Three times the size of Jupiter: James Webb finds the smallest failed star

Thanks to the power of the James Webb Telescope (JWST), astronomers discovered the smallest free-floating brown dwarf known to date. Its mass exceeds that of Jupiter by only three to four times.

Finding Brown Dwarfs

Brown dwarfs are sometimes called failed stars. They are also formed as a result of the gravitational collapse of a gas cloud, but their mass is not enough for full-fledged fusion reactions involving hydrogen to start inside them (although reactions involving deuterium and lithium nuclei can take place in their depths). The lightest brown dwarfs overlap with giant planets in mass, which greatly complicates the process of their classification.

Star cluster IC 348. Source: NASA, ESA, CSA, STScI, and K. Luhman (Penn State University) and C. Alves de Oliveira (European Space Agency)

Astronomers have long been trying to find an answer to the question of what the smallest object that can form like a star as a result of gravitational collapse is. They decided to study the IC 348 cluster, located about a thousand light-years away in the Perseus star-forming region. It is about five million years old. This means that every brown dwarf located in it is heated to high temperatures and will emit infrared radiation quite actively.

After that, the researchers used JWST. They managed to find three objects with masses ranging from three to eight Jupiter masses and surface temperatures ranging from 830 to 1500 degrees Celsius. Computer simulations have shown that the mass of the smallest of them is only three to four Jupiter masses.

The two brown dwarfs found also show the spectral signature of an unidentified hydrocarbon. The same infrared signature was detected by the Cassini mission in the atmospheres of Saturn and Titan. It has also been observed in the interstellar medium. Current models of the atmospheres of brown dwarfs do not predict the presence of such compounds in them.

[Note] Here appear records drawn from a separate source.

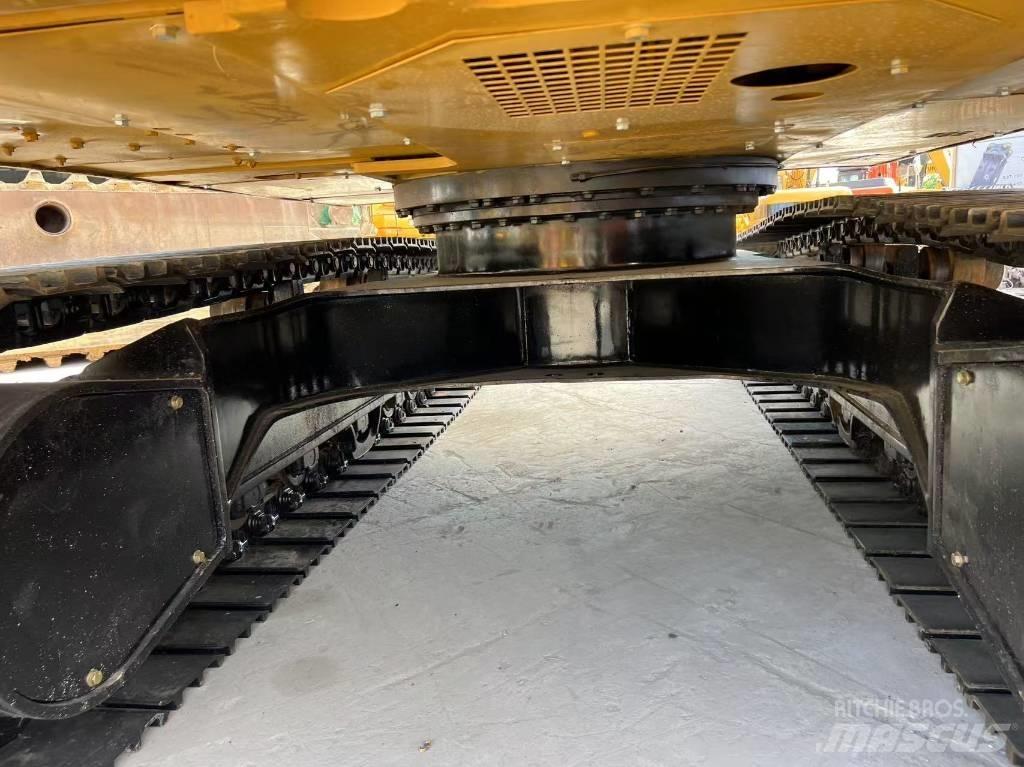 CAT 315 D 대형 굴삭기 29톤 이상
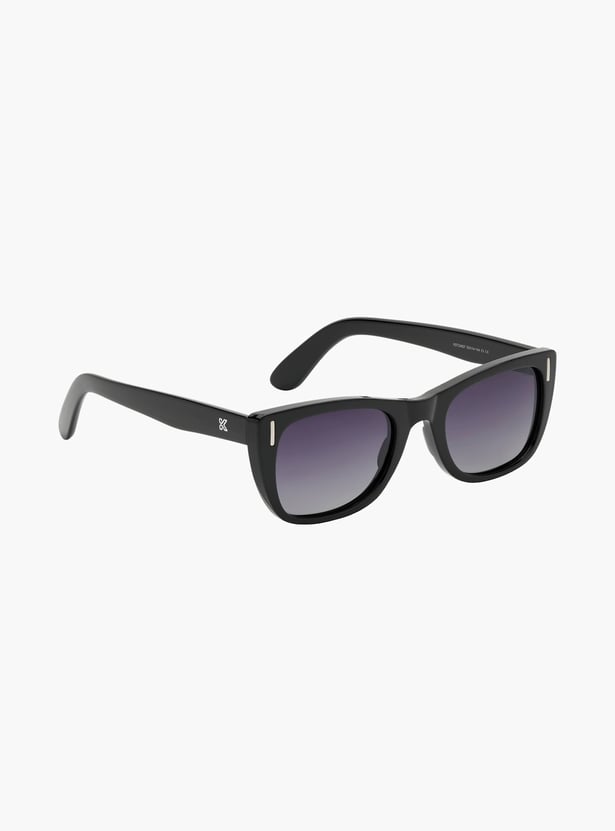 KOSCH ELEMENTE Aquae UV Protected Rectangle Sunglasses - KST-24827-C1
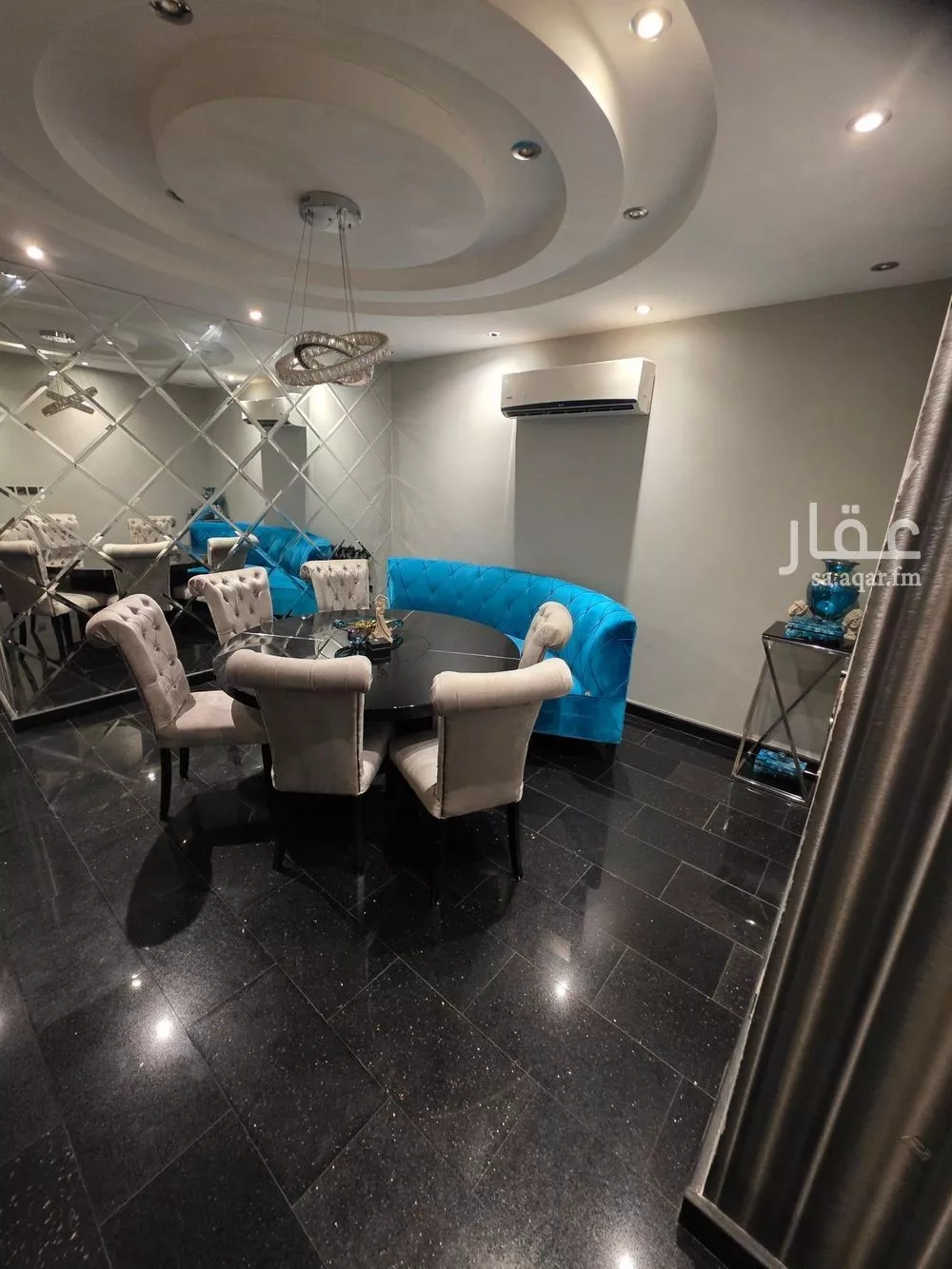 5 bedroom apartment in Al Wahah 7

Giant planet or failed star?

It is still quite difficult for astronomers to explain exactly how such small brown dwarfs could have formed. A gas cloud can collapse under its own gravity and become a star. However, due to the weaker gravity, it is much more difficult for a small cloud to collapse and form a brown dwarf, not to mention cases where the masses of such bodies are comparable to the masses of planets.

The star cluster IC 348. The inset shows the brown dwarfs found by the James Webb Telescope. Source: NASA, ESA, CSA, STScI, and K. Luhman (Penn State University) and C. Alves de Oliveira (European Space Agency)

Another question is whether the bodies found by JWST are really brown dwarfs and not giant planets ejected from their systems. Although the researchers cannot completely rule out the latter possibility, they believe it is unlikely for two reasons. 

First, rogue planets of high mass are rare compared to planets of lower mass. Secondly, the vast majority of stars are low-mass luminaries, and giant planets are not often found among them. Therefore, it is unlikely that most of the stars in IC 348 (which are low-mass) are capable of producing such large planets. In addition, the age of the cluster is only five million years. They had very little time for the formation of giant planets and their subsequent ejection from their systems. 

In the future, astronomers plan to continue observations. Theories suggest that rogue planets are most often found on the outskirts of star clusters. Therefore, the expansion of the search area can reveal them within IC 348.